%%

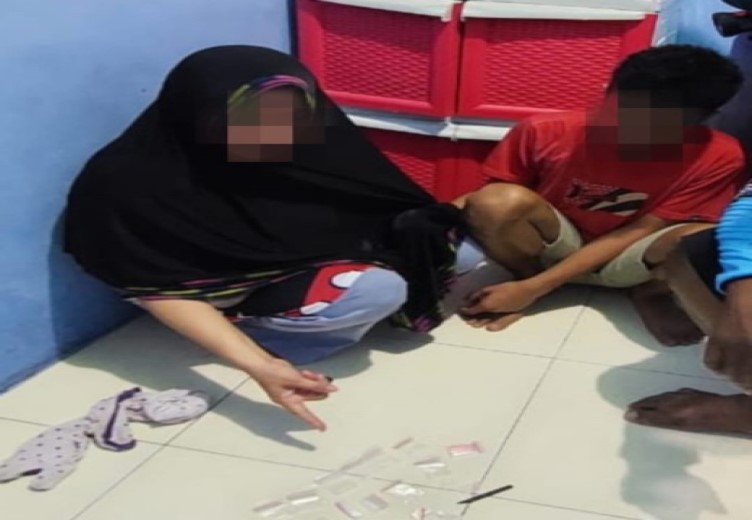 Ibu dan anak kandung pengedar narkoba di Timika saat diamankan Polisi (Foto:Istimewa)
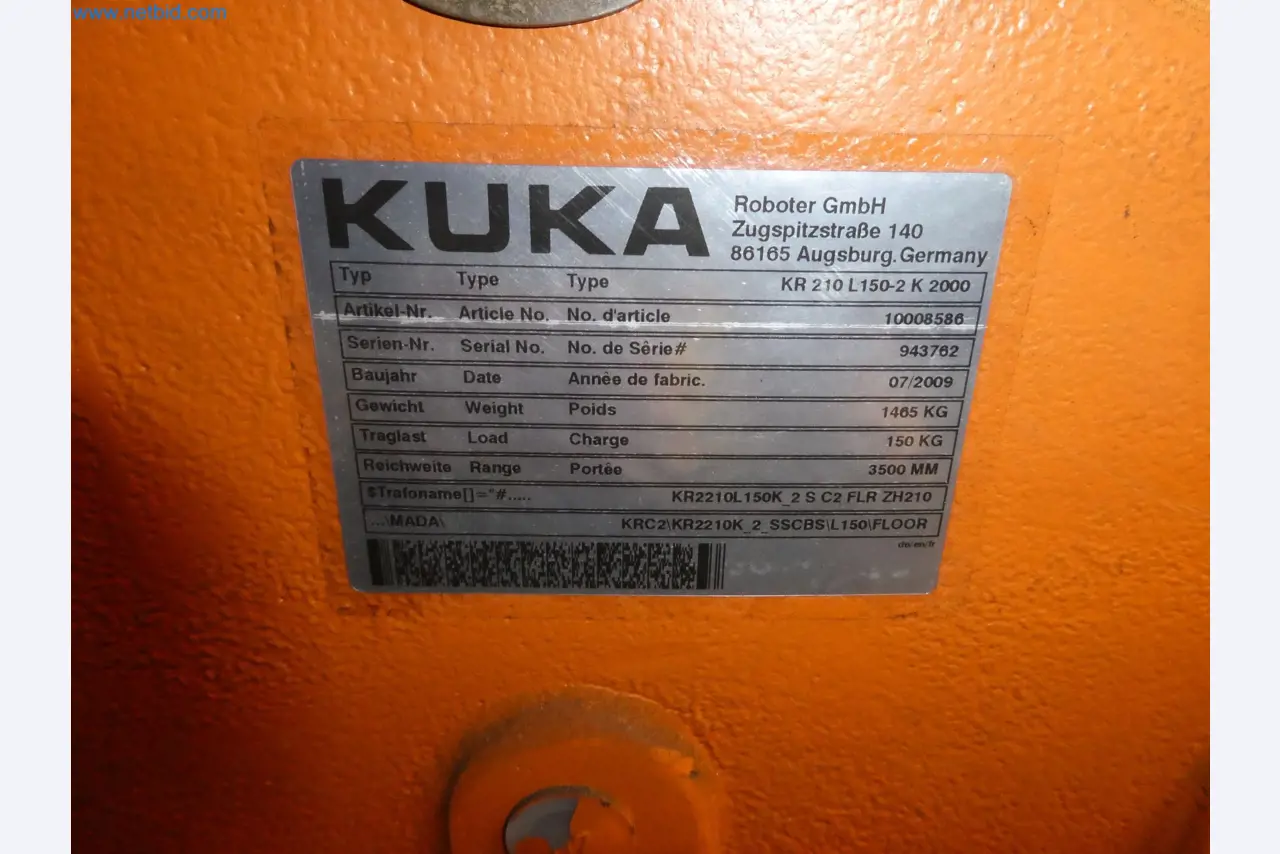 Robots, welding equipment and assembly accessories from the automotive industry-121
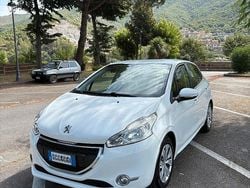 Bianco Usata 2012 Peugeot 208 Due volumi | 5500 € (Buon prezzo)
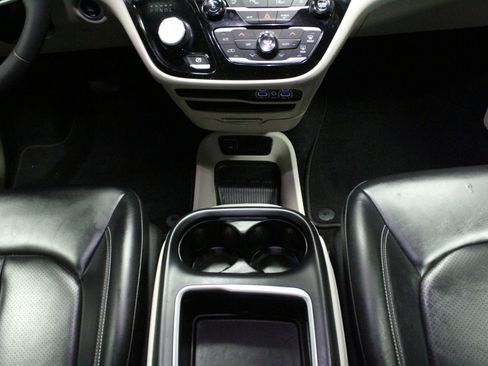 Used 2023 Chrysler Pacifica Touring-L FWD image 23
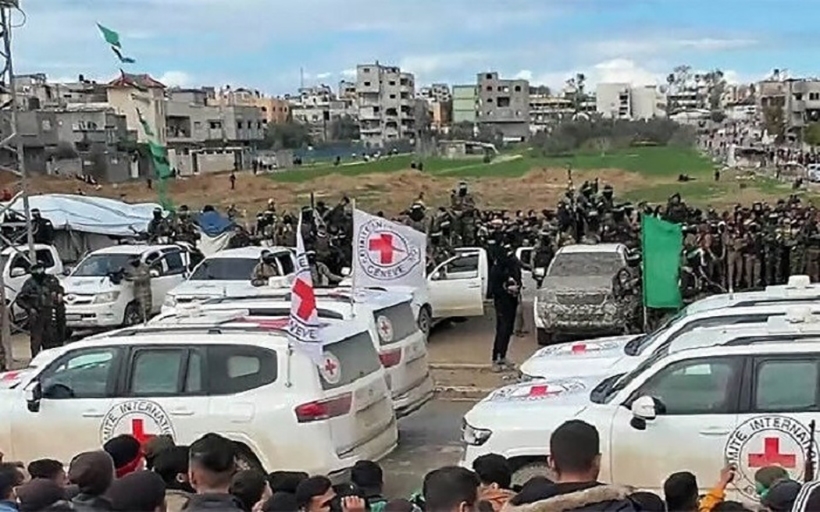 Các xe của ICRC chờ tiếp nhận con tin do Hamas phóng thích ở Nuseirat, Gaza ngày 22/2. Ảnh: Times of Israel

%%

EXERCISE |
Return the data exactly. Do not carry over any images.

RESULT OF THIS EXERCISE |
 Ibu dan anak kandung pengedar narkoba di Timika saat diamankan Polisi (Foto:Istimewa)
 Robots, welding equipment and assembly accessories from the automotive industry-121
 Bianco Usata 2012 Peugeot 208 Due volumi | 5500 € (Buon prezzo)
 Used 2023 Chrysler Pacifica Touring-L FWD image 23
 Các xe của ICRC chờ tiếp nhận con tin do Hamas phóng thích ở Nuseirat, Gaza ngày 22/2. Ảnh: Times of Israel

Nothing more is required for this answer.